__Your assignment__: Only one stretch of the data below is needed: the line with "67 Lower Greenway" through the last line. Output it exactly and drop the pictures.

(Extracted data entries)
╭──

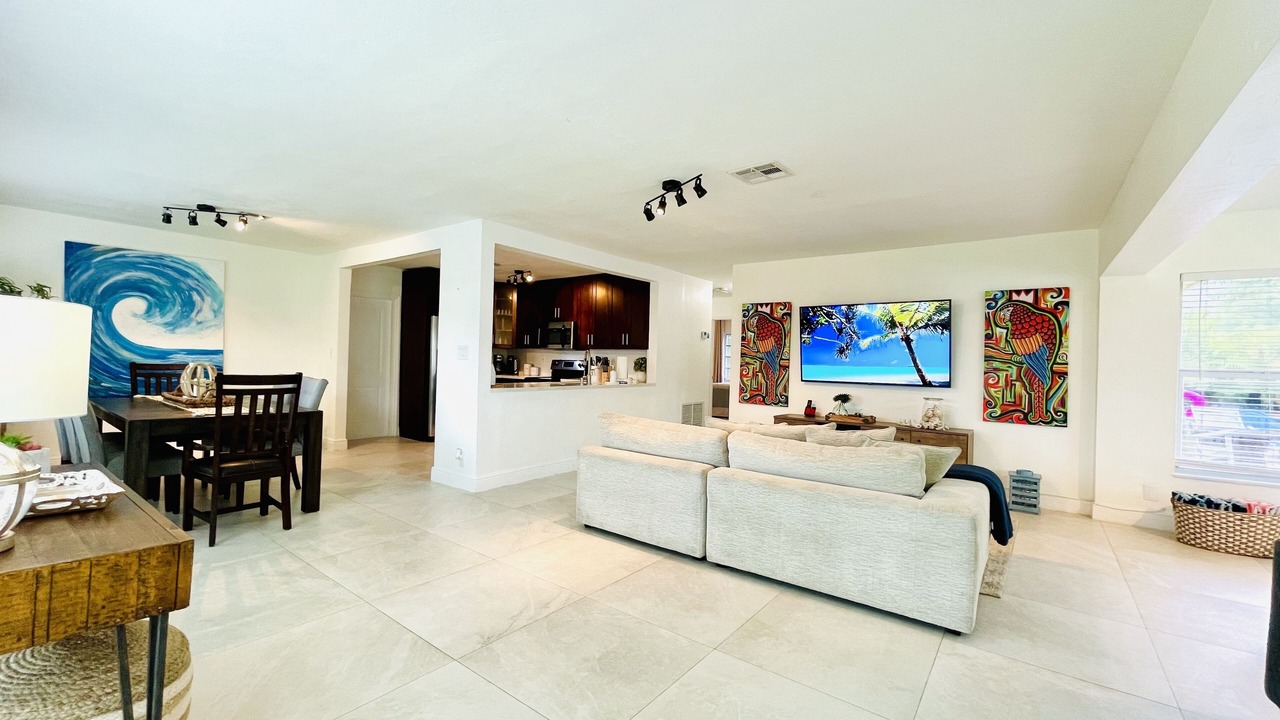 Photo of Livingroom in Dolphin Isles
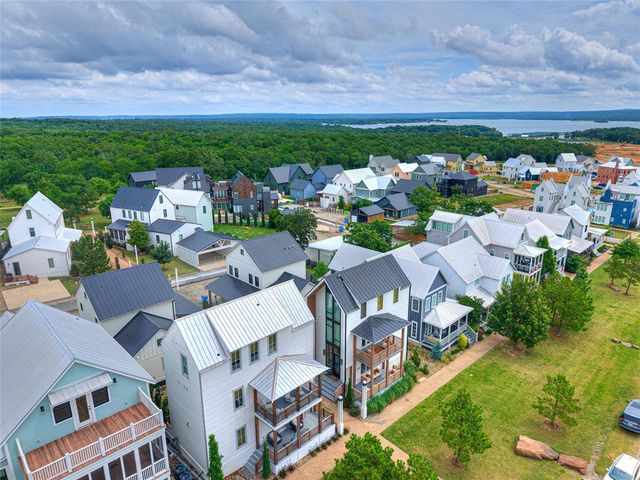 67 Lower Greenway A, Carlton Landing, OK 74432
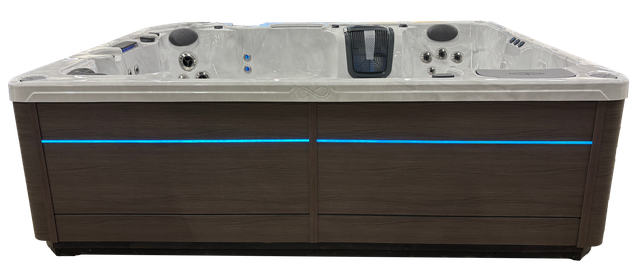 Harmonic H2810L Hot Tub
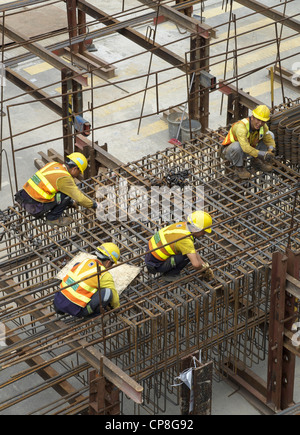 Fissatori di acciaio lavorando sul sito in costruzione nel distretto centrale di Hong Kong Foto Stock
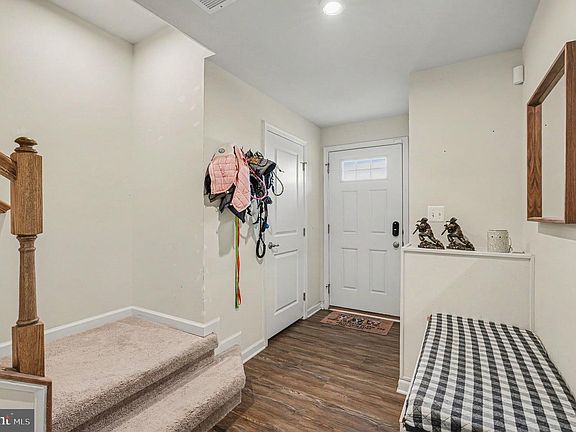 5th image of 606 Landing Dr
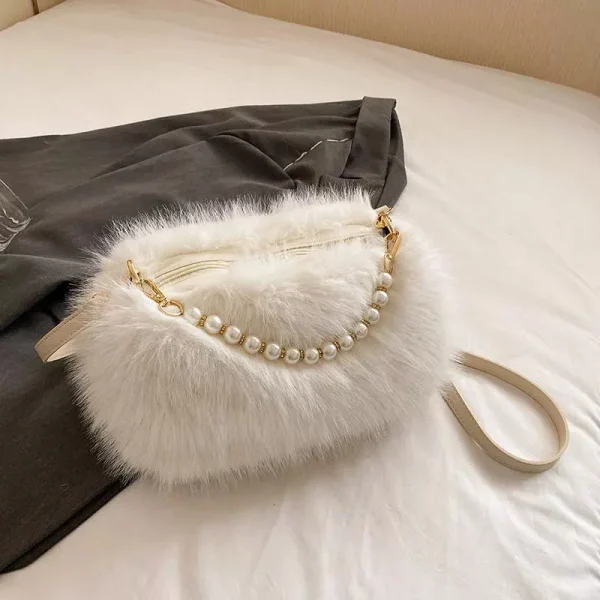 Sac À Main En Fausse Fourrure Blanche Avec Chaîne De Perles – Élégant Et Chic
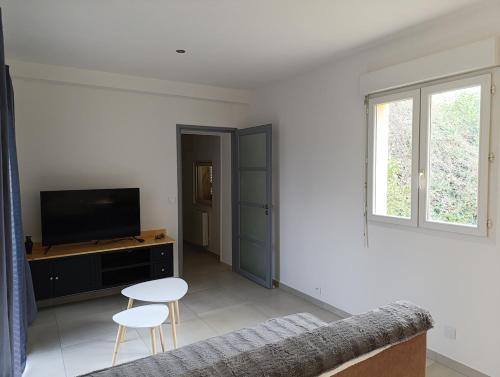 Photo de la galerie de l'établissement Maison atypique avec jardin, à Calenzana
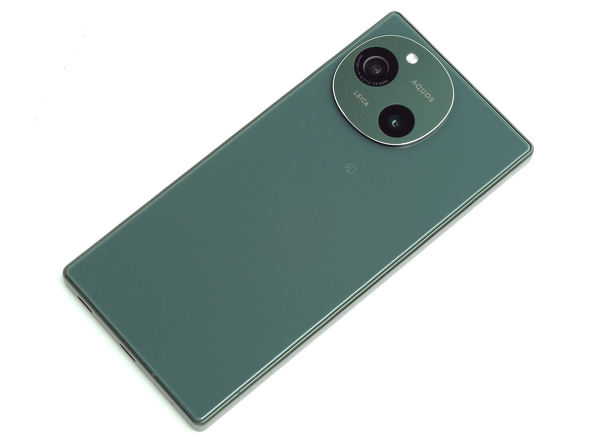 AQUOS R9」は10万円前後でも“これぞハイエンド”といえる完成度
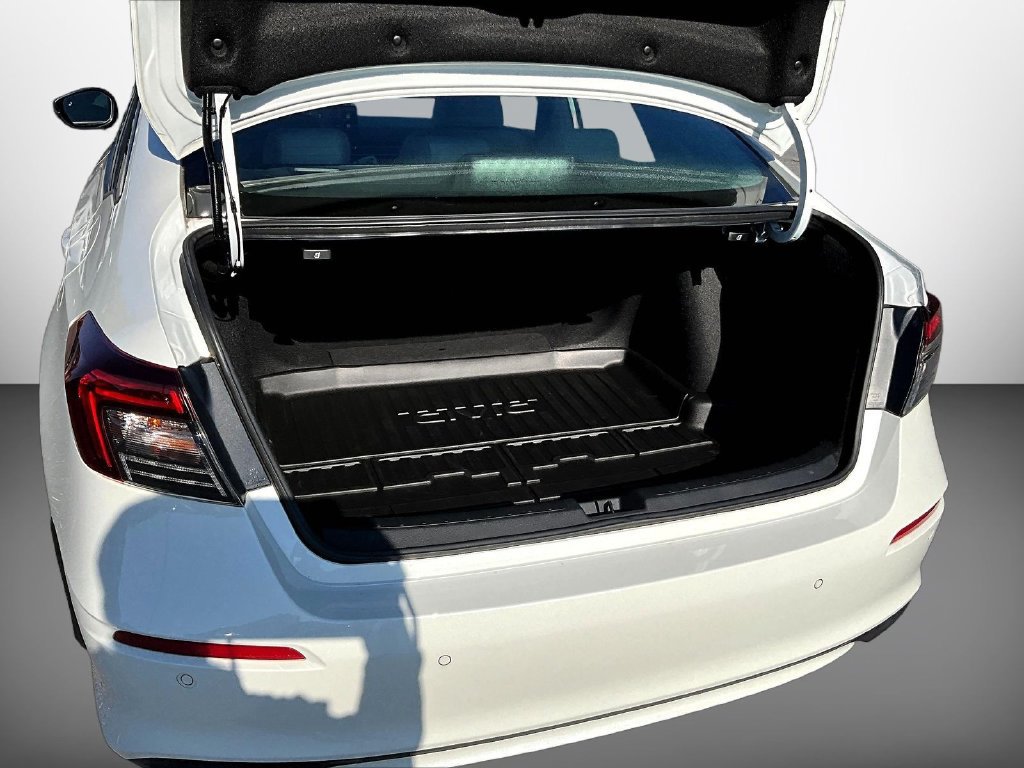 Used 2025 Honda Civic Sport Touring image 7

╰──

__Exercise result__:
 67 Lower Greenway A, Carlton Landing, OK 74432
 Harmonic H2810L Hot Tub
 Fissatori di acciaio lavorando sul sito in costruzione nel distretto centrale di Hong Kong Foto Stock
 5th image of 606 Landing Dr
 Sac À Main En Fausse Fourrure Blanche Avec Chaîne De Perles – Élégant Et Chic
 Photo de la galerie de l'établissement Maison atypique avec jardin, à Calenzana
 AQUOS R9」は10万円前後でも“これぞハイエンド”といえる完成度
 Used 2025 Honda Civic Sport Touring image 7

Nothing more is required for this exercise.